>>>

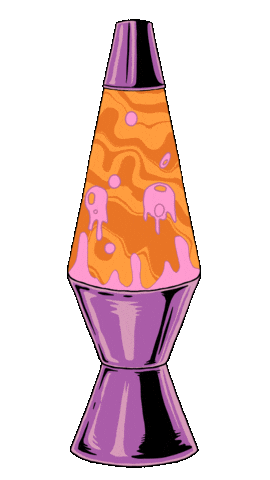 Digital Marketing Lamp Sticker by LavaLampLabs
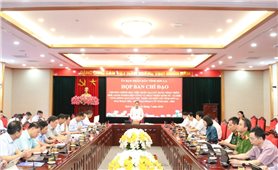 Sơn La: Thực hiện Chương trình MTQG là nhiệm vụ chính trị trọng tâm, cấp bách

<<<
>>>

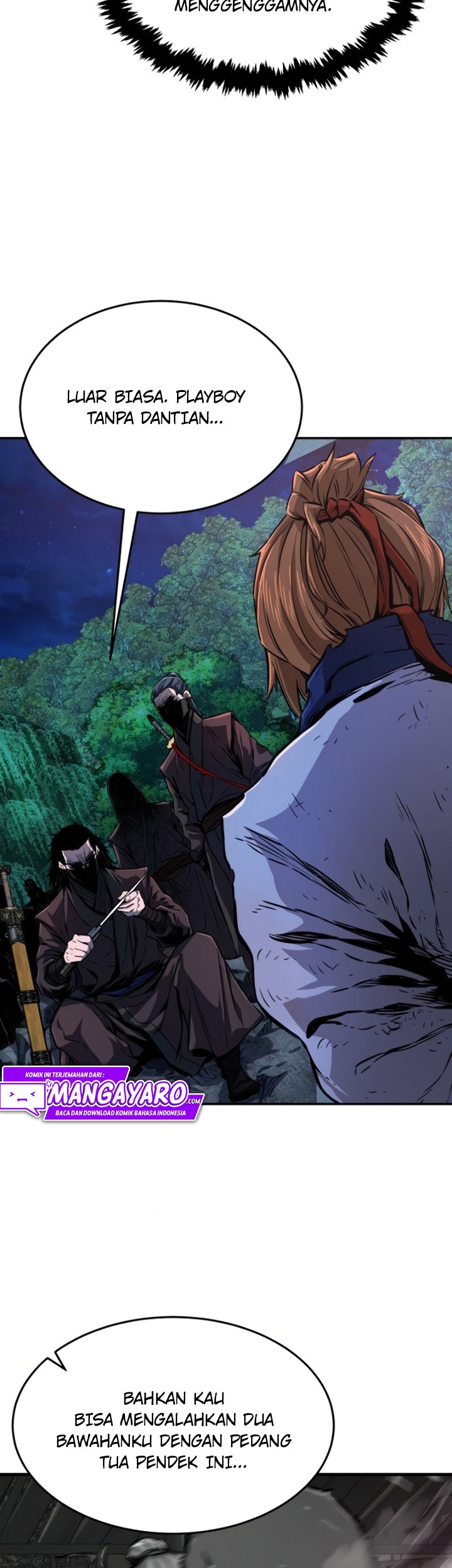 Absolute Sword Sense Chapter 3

<<<
>>>

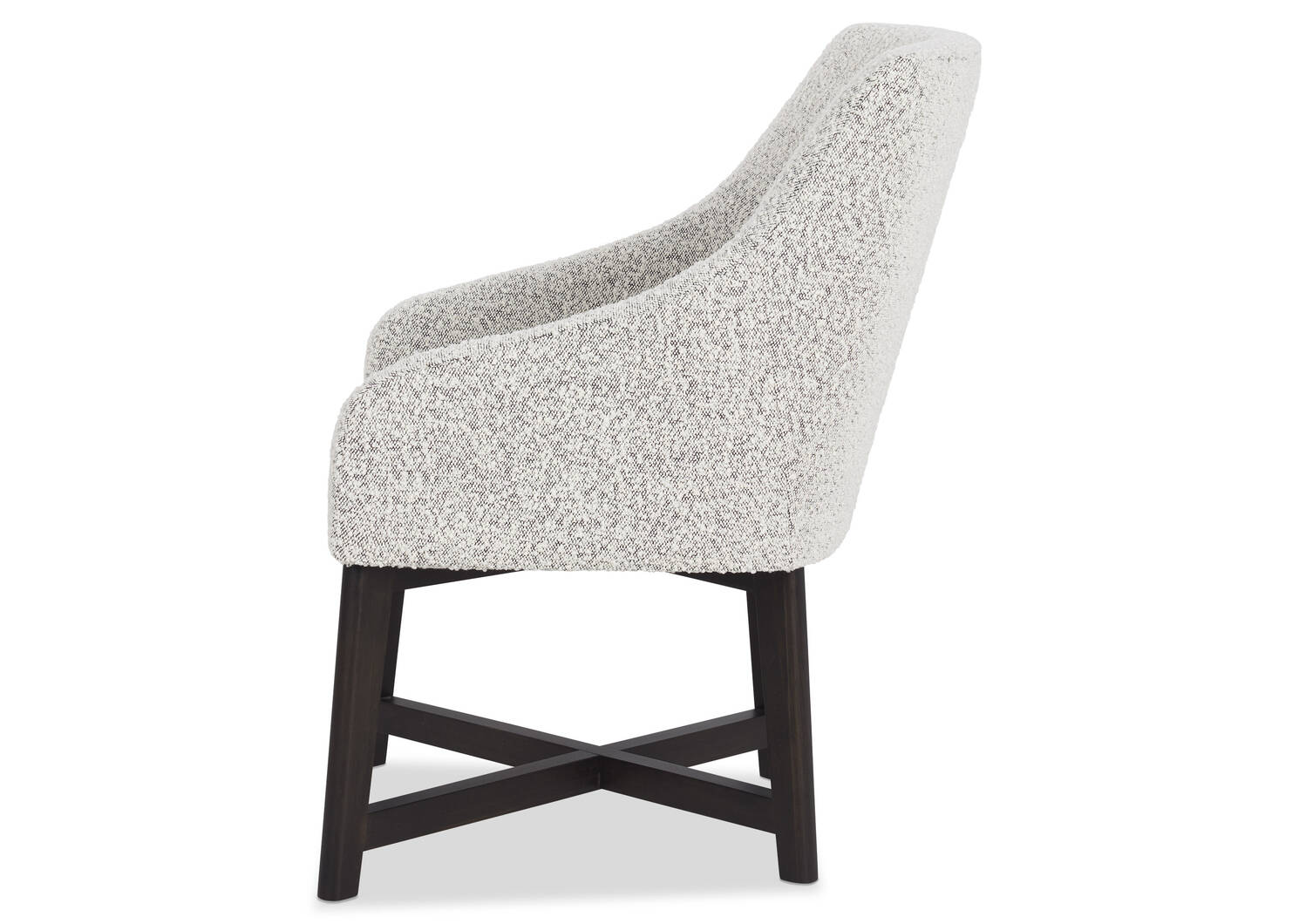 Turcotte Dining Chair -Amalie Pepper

<<<

== What this task involves ==
Using the records above, return word for word the lines that begin at the one containing "Digital Marketing Lamp" and end at the one containing "Sơn La: Thực", both of them included and no pictures.

== Finished task ==
 Digital Marketing Lamp Sticker by LavaLampLabs
 Sơn La: Thực hiện Chương trình MTQG là nhiệm vụ chính trị trọng tâm, cấp bách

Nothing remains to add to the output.